Selecting a Python Driver
A Python driver is chosen through the Hardware Configuration dialog (Hardware → Hardware Selection), the same way as any other driver. Three settings on the profile bind the script to the trampoline: the script path, the class name within the script, and an optional Python environment. For an introduction to profiles in general, see Hardware Profiles; the notes below cover the Python-specific parts of that flow.
Choosing a Python driver
In the Add Profile dialog, the Driver dropdown lists every
driver class registered for the selected hardware type. Python
drivers are named with a Python prefix (PythonAwg,
PythonFlowController, and so on; the full set is in
Trampoline Overview).
Hardware Configuration dialog with a Python-backed AWG profile
(PyAWG (PythonAwg)) selected. The Advanced section of the
per-profile panel exposes the Python Script, Python Class,
and Python Environment fields; the resolved interpreter
version (System: Python 3.9.18) is shown below the
environment row.
Template-script copy
After a Python profile is saved, Blackchirp offers to seed it with the bundled template:
The template-copy prompt. The bold text repeats the security warning from Security; the question below it offers to copy the bundled template into a location of the user’s choice.
Choosing Yes opens a file-save dialog with a suggested filename
based on the hardware type (for example, my_flow_controller.py).
The matching template is copied to the chosen location and the saved
path is filled in on the new profile automatically.
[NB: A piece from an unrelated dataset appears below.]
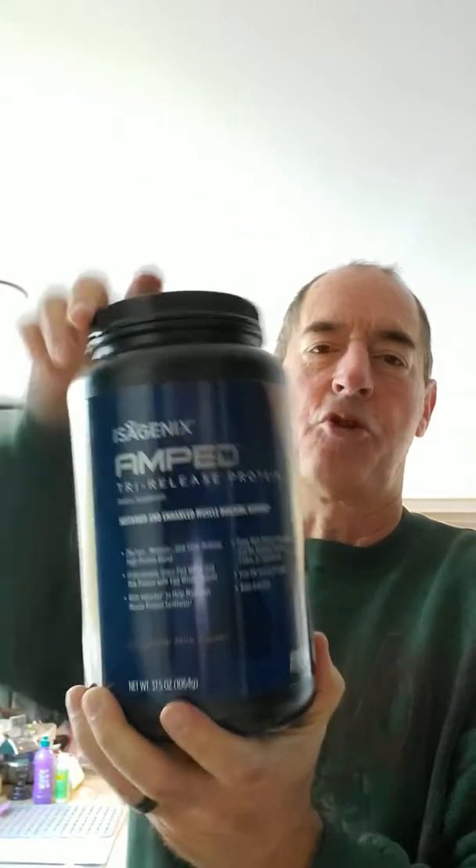I'm going to do my Amp tri-release protein. It has three different types of protein so it literally releases protein three different times — it's an amazing product. One full heaping scoop. I like to get the blender moving before I put it in so it's easy to clean up.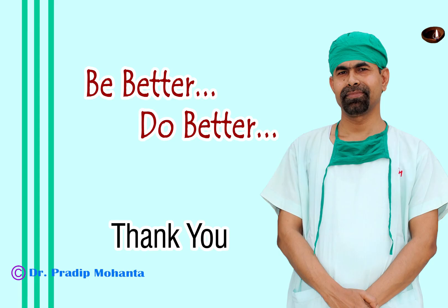Thank you very much for your attention. Hope this video will help you in developing your surgical skills. Be a great surgeon and serve your patients with love, respect, empathy, and great surgical competence.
The starter
templates have working Virtual-protocol behavior and inline
docstrings for every method, so a freshly copied script runs
end-to-end before any edits.
Choosing No leaves the script path empty; fill it in later from
the Hardware Configuration dialog by browsing to a .py file.
Communication protocol
The driver inherits the protocol options the trampoline registered:
RS-232, TCP, GPIB, Virtual, and Custom. Choose Custom when
the driver bypasses self.comm and talks to the hardware through
a vendor Python package or USB-HID library; the Communication
Settings dialog (Hardware → Communication) shows a note pointing
back to the script in that case (see
Custom protocol).
Python script path
The Python Script field in the Advanced section holds the
absolute path to the .py file that defines the driver class.
The accompanying Browse… button opens a file picker filtered
to *.py. The field is hidden when the selected driver is not
Python-backed.
Class name
The Python Class field is an editable dropdown. Whenever the
script path changes, the script is scanned for top-level class
definitions and the dropdown is populated with the names found.
The placeholder text shows the default class name expected by the
trampoline (AwgDriver, FlowControllerDriver, and so on; see
Trampoline Overview). Any name is allowed
provided the class implements the methods the trampoline calls
(see Per-Type Capabilities).
Python environment
The Python Environment field selects the interpreter used to
launch the script. Leave it empty to use the system python3
on PATH. To use a virtual environment or conda environment,
set the field to the environment’s directory; the Browse…
button next to it opens a directory picker.
The interpreter is resolved by looking for, in order:
<env>/bin/python3<env>/bin/python<env>/Scripts/python.exe
The status line below the field shows the version reported by the
resolved interpreter (for example, Python 3.12.4). If the
directory exists but contains no interpreter, the system python3
is used and a warning is displayed. If neither has a working
python3, the status line reports an error and the driver will
not launch.
The environment field is per profile, so two Python profiles may
use different environments — useful when one driver depends on a
vendor SDK that conflicts with packages required by another. In
persistent storage the field is recorded as pythonEnvPath.